Wittgenstein famously believes that no definition of “game” is possible, because so many human activities are called games. This is nonsense, of course – but there is an underlying truth. Because games are so diverse, players of one kind of game often have trouble understanding why players of other game styles enjoy them. As a trivial example, the players of first-person shooters rarely enjoy board wargames, and wargamers rarely like shooters. The aesthetics of the two styles are very different.

The problem of aesthetic diversity is true even in so restricted a form as the boardgame. Even if we focus down from the vast universe of all games to the apparently small subset consisting of games played on a printed surface by people seated around a table, we run into a diversity of tastes. There are multiple boardgame aesthetics. My intention here is to explore them.

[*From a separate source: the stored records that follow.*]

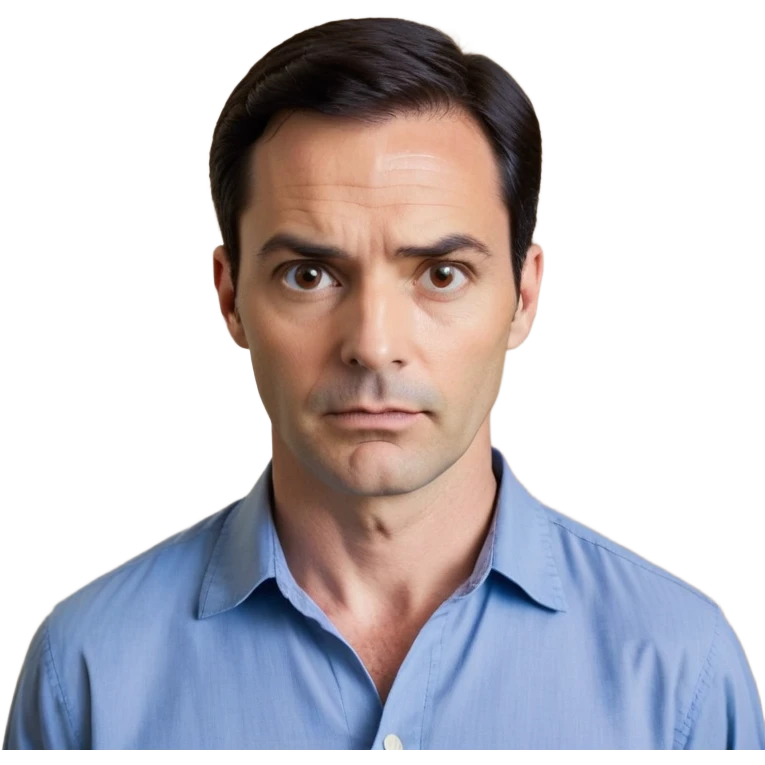 Man in his 40s with wide square face, marked jawline, full cheeks, looking incredulous with raised eyebrows, skeptical expression, medium dark brown eyes widened in disbelief, thick natural eyebrows, wide nose, mouth in a doubting smirk, short neat dark hair, wearing a blue button-up shirt emoji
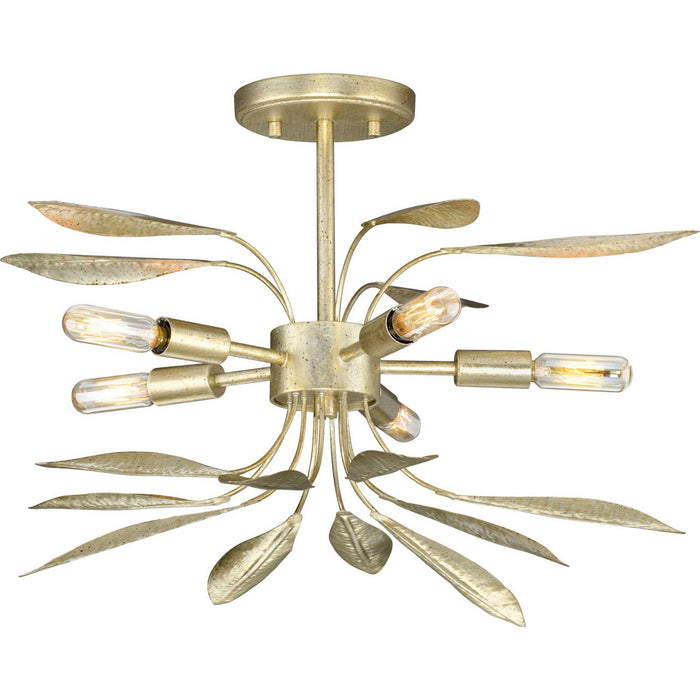 Progress Lighting P350210-176 Five Light Semi-Flush Conv, Gilded Silver
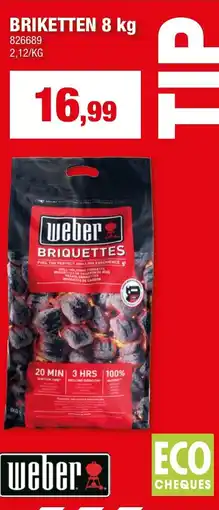 Hubo Weber Briketten aanbieding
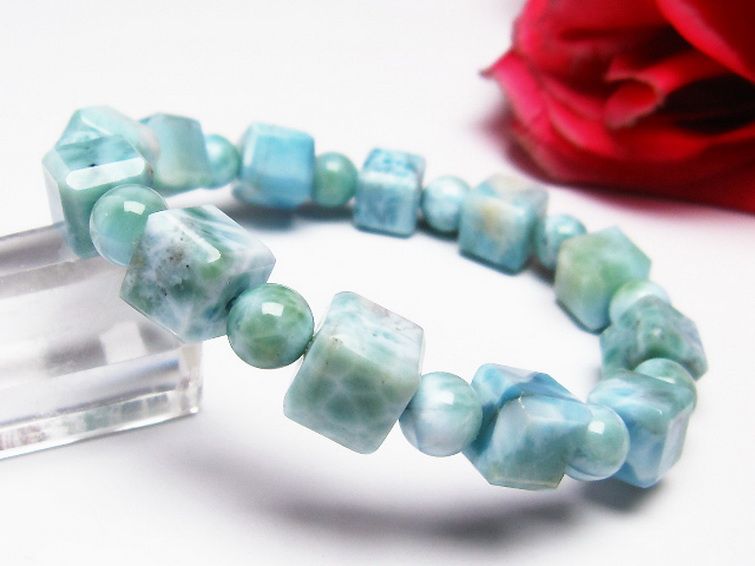 ラリマー キューブ+ラウンドビーズ ブレスレット 7mm [T7-20945] 1枚目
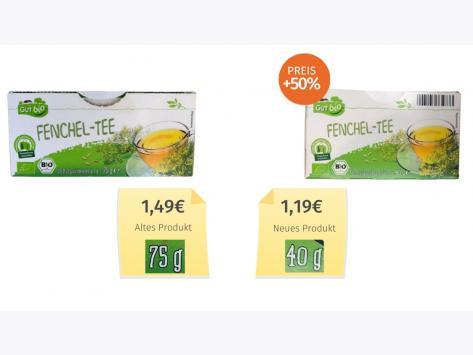 Mogelpackung: Gutbio Fenchel-Tee (2023) Alt-Neu-Vergleich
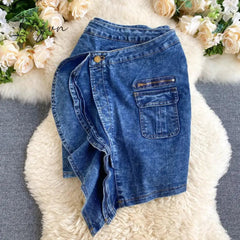 Ingvn - Trends high quality Spring Autumn Two Piece Set Women Sexy Jeans 2 Two Piece Set Long Sleeve Crop Tops And Bodycon Short Denim Skirt Suits for Woman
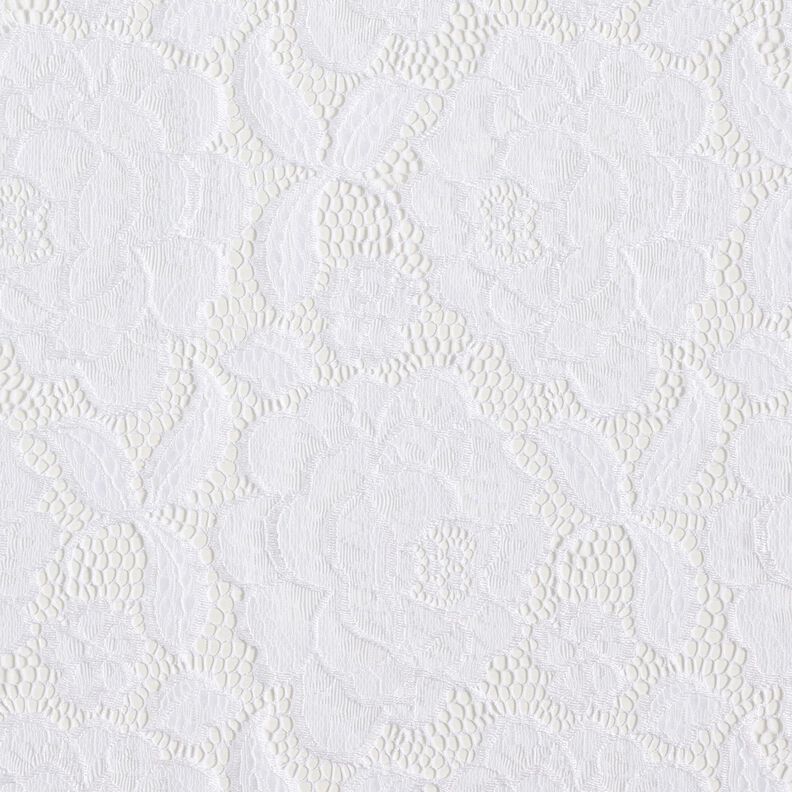 pizzo elastico Boccioli e foglie – bianco,  image number 1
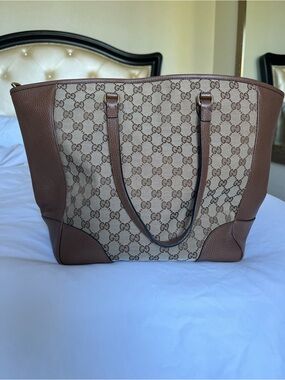 Gucci Beige & Brown GG Canvas Tote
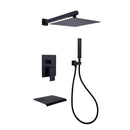 Givelly Wall Mounted 10 In Shower System with Waterfall Tub Faucet in Matte Black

The Abstract Strategy Game

Let us consider the serious player of Chess or Go. He (less commonly she) will have spent long hours pondering the strategy of the game, quite possibly reading books on the subject and studying games played by masters. He will have a conception of the game as a clean, utterly non-random contest in a purely mental sphere. He is likely to believe that this is how games should be – that games of this type are pure, cerebral, by nature the noblest of games, and that the sort of froth that appears on the shelves of toy and department stores is degraded piffle, perhaps suitable for children, but unworthy of study by any sophisticated person.

The very abstractedness of abstract strategy games is itself a virtue; Go is nothing but stones and a grid, and while the shapes of Chess pieces have historical value, the game is in the forces they project, with their variable movement capabilities, and it matters not a whit that one is shaped like a horse and another like a castle. The abstract strategy gamer is likely to believe, with Parlett, that modern commercial games:

“...rely for their underlying mechanics on well-established formulae, the least imaginative being variations on a theme of Goose -- roll dice, move there, miss turn, get home first. Being designed for family fun rather than for genuine game enthusiasts, procedural originality is irrelevant. They rely entirely on their theme for whatever sales potential may be squeezed out of them, and their own makers do not expect a shelf-life longer than the topicality of the theme in question.”91

In short, to an abstract strategy gamer, the very theme-ness of “theme games,” with their reliance on thematic color, is a suspicious attempt to distract attention from the mechanics and strategy of the game itself, which from the aesthetic of an abstract strategy gamer are really all that matters – and a game that does not focus relentlessly on these elements must do so because it is not really very good as a game qua game.

An abstract strategy gamer may find the occasional modern title that holds some passing interest – a game such as Randolph’s Twixt or Tavitian’s Blokus that eschews theme for strategic clarity, and that avoids randomness in all its forms – but will view virtually everything else as commercial dross.

The Board Wargame

The board wargamer is at heart a simulationist. To the wargamer, wargames are interesting because they portray the color and pageantry of the past; men pitted in terrifying and bitter struggle – ”Compared to war, all other forms of human endeavor shrink to insignificance,” as Patton said.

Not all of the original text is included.